過剰な経費計上は、審査で不正な申請とみなされ、採択が不利になる可能性があります。
また、採択された場合でも、交付決定額が減額される可能性もあるでしょう。
経費は事業計画に沿って、その必要性と妥当性を十分に考慮したうえで、適切な金額を計上することが重要です。
見積書などをもとに、根拠をもって積算しましょう。
事業再構築補助金の対象経費を最大限に活用するためには、申請段階からの綿密な準備が大切です。
ただ経費を計上するのではなく、補助金の目的を理解したうえで、事業計画と整合性の取れた経費計画を立てましょう。
また、申請書類の内容だけでなく、審査の視点を理解し、審査員が納得しやすいような経費の説明も重要です。
専門家や認定支援機関との連携で、より効果的な経費活用が可能となるでしょう。
事業計画と連動した詳細な経費計画を事前に立てることは、補助金を有効活用するために重要です。
経費の内訳を具体的に記載することで、審査の際に経費の必要性と妥当性を明確に示せます。
例えば、機械装置の導入を計画している場合は「機械の機種や型番・購入先・導入費用」を詳細に明記するだけでなく、その機械が事業にどのように貢献するのか、具体的な数値を交えながら説明しましょう。
また、複数の経費項目を計上する場合は、それらの関連性や優先順位を明確にしましょう。

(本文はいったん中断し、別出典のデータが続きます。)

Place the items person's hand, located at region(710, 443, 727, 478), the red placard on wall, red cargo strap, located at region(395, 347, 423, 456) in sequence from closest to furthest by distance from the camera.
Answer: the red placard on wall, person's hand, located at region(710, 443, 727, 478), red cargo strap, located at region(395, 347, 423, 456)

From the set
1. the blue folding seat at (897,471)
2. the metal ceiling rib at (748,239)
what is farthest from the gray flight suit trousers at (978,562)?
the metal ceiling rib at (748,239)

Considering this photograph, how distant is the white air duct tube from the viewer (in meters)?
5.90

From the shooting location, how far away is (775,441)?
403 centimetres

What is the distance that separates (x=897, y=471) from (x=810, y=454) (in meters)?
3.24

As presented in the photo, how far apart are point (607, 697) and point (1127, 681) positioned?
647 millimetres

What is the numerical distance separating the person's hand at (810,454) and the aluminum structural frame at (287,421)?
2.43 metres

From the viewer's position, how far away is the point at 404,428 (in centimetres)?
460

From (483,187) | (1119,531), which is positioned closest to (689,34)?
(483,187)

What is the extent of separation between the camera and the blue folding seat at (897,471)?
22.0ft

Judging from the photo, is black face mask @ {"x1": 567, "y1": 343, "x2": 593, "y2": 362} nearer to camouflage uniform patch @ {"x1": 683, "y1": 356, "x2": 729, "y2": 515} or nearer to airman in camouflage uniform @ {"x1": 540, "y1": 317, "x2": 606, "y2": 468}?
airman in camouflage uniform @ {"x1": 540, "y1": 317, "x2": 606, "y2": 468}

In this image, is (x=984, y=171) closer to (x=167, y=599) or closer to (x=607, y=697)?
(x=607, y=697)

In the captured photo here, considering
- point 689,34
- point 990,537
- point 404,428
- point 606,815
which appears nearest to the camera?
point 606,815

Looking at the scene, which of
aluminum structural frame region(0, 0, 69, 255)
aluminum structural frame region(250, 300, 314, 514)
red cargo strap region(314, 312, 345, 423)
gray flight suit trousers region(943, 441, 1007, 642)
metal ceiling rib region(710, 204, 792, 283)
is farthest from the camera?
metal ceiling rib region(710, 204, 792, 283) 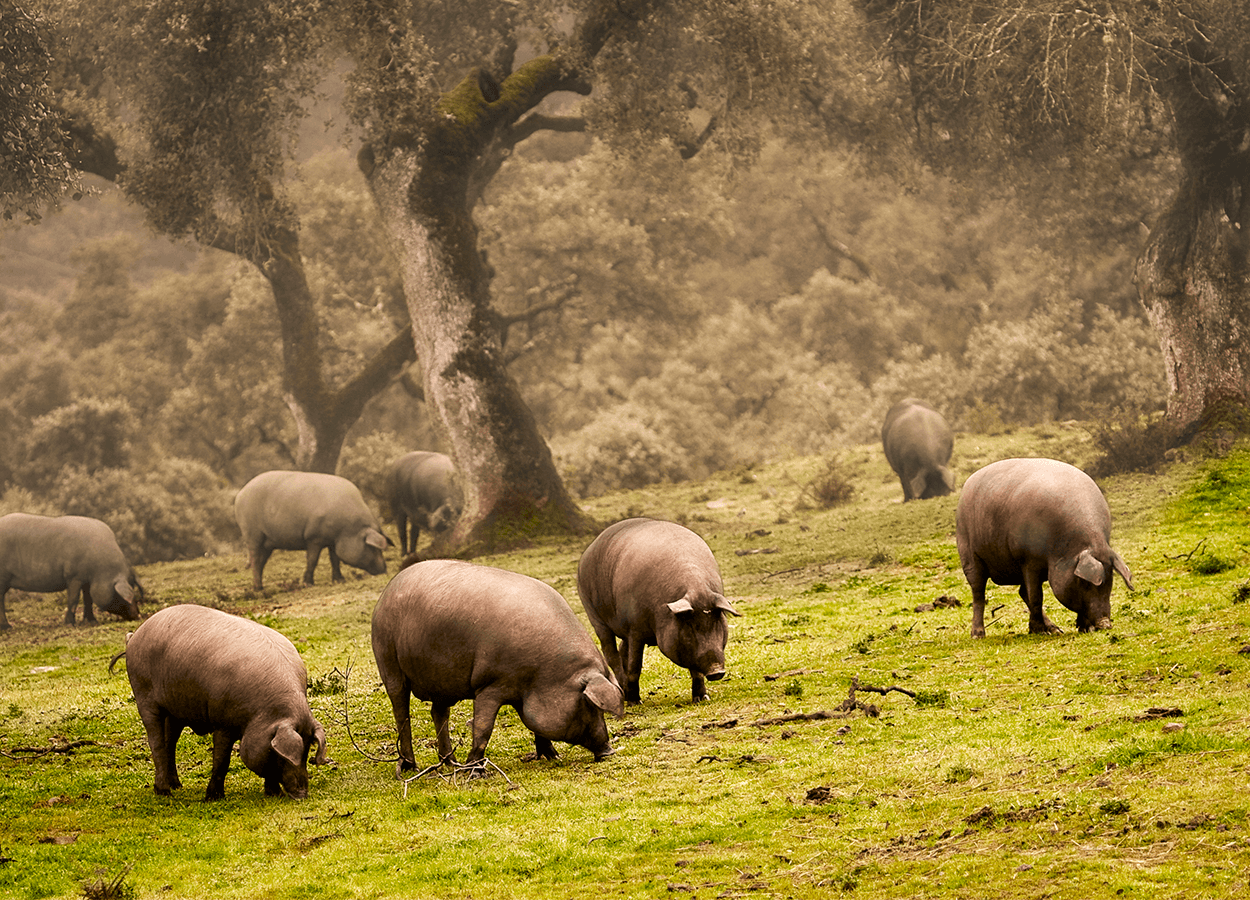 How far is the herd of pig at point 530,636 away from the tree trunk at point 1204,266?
15.3 metres

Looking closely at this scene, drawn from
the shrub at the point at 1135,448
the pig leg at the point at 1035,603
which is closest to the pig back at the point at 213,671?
the pig leg at the point at 1035,603

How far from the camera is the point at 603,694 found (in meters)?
9.22

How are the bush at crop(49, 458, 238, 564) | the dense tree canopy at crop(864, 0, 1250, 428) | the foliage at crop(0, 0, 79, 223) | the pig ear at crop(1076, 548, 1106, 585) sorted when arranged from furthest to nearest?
the bush at crop(49, 458, 238, 564)
the foliage at crop(0, 0, 79, 223)
the dense tree canopy at crop(864, 0, 1250, 428)
the pig ear at crop(1076, 548, 1106, 585)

認定支援機関や中小企業診断士など専門家との連携は、対象経費を効果的に活用するための重要なポイントです。
専門家は、補助金の申請に関する豊富な経験と専門的な知識を有しており、事業計画や経費計画の策定において有益なアドバイスを提供してくれます。
経費の見直しや採択されやすい経費の選び方、申請書類作成における注意点など、専門家のサポートを受けながら、より効果的な計画を立てることが大切です。

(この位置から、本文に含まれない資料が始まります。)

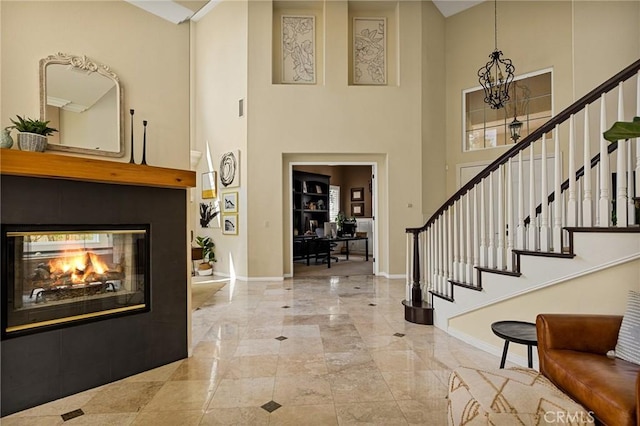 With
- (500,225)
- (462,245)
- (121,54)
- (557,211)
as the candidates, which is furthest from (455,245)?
(121,54)

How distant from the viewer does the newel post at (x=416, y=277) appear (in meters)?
4.09

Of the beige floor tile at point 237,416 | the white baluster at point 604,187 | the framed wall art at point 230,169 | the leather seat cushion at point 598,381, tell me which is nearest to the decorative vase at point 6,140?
the beige floor tile at point 237,416

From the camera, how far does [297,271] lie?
7.84 meters

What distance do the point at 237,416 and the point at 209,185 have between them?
6.23 m

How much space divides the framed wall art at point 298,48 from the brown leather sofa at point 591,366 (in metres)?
6.29

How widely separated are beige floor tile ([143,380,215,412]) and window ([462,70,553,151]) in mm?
6805

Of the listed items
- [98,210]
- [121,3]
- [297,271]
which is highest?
[121,3]

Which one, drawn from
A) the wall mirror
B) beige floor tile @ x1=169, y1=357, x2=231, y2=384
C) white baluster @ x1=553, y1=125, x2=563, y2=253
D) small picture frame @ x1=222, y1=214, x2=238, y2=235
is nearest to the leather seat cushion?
white baluster @ x1=553, y1=125, x2=563, y2=253

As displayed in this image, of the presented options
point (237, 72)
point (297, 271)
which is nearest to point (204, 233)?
point (297, 271)

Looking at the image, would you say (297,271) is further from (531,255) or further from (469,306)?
(531,255)

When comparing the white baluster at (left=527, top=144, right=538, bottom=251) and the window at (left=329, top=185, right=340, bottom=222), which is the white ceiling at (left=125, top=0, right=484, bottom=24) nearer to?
the white baluster at (left=527, top=144, right=538, bottom=251)

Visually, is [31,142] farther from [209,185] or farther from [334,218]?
[334,218]

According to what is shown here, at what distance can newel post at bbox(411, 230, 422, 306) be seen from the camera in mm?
4094

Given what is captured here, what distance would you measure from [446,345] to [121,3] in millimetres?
4116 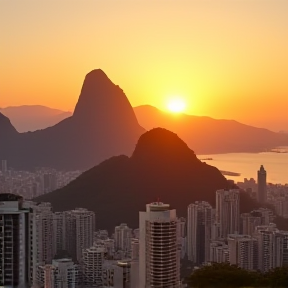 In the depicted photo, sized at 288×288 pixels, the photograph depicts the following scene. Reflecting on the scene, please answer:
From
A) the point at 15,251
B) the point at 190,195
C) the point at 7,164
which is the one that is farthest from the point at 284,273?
the point at 7,164

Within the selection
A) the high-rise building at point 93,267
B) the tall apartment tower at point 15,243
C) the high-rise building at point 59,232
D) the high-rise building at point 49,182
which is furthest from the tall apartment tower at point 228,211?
the tall apartment tower at point 15,243

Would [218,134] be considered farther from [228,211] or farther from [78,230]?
[78,230]

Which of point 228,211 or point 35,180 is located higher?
point 35,180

審査では、経費が補助金の目的に合致しているか、事業計画に沿った妥当な経費であるか、そして経費の必要性が明確に示されているかなどが評価されます。
したがって、経費を説明する際には、審査基準を十分に理解し、審査員が納得しやすい形での説明が重要です。
事業計画書や経費明細書において、経費と事業の目的との関連性を具体的に記述し、その経費が事業の成長や生産性向上にどのように貢献するのか、客観的なデータや根拠を用いた説明を心がけましょう。

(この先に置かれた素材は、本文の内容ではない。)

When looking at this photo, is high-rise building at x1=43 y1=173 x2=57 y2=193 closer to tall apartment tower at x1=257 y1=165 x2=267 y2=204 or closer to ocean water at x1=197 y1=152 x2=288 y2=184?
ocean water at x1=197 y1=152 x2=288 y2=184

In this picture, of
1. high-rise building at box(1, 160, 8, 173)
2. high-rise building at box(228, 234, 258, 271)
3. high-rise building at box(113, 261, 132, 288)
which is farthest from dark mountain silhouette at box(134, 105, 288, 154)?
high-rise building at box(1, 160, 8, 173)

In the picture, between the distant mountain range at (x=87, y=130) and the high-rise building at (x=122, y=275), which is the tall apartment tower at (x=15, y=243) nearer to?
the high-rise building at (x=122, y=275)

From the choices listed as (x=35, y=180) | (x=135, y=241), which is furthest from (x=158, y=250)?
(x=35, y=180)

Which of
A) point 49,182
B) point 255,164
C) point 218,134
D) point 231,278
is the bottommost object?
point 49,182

本記事では、事業再構築補助金における対象経費と対象外経費を詳しく解説してきました。
補助金を有効に活用するためには、まず対象経費と対象外経費を明確に区別し、事業計画と整合性の取れた経費計画を立てることが重要です。
建物費や機械装置費など、事業の基盤を強化する投資は補助対象として認められやすく、事業の成長に不可欠な経費を優先的に検討しましょう。
一方で、パソコンやタブレットのような汎用性の高い物品、従業員の給与や福利厚生費、土地や株式の購入費用など、補助金の目的に合致しない経費は対象外です。
これらの経費は事業の成長や生産性向上に直接的に貢献するものではなく、補助金の目的から外れるため、計上しないよう注意してください。
補助金の申請を検討している方は、本記事を参考に、事業の目的に沿った経費を洗い出し、認定支援機関や専門家と連携しながら、より効果的な事業計画を策定しましょう。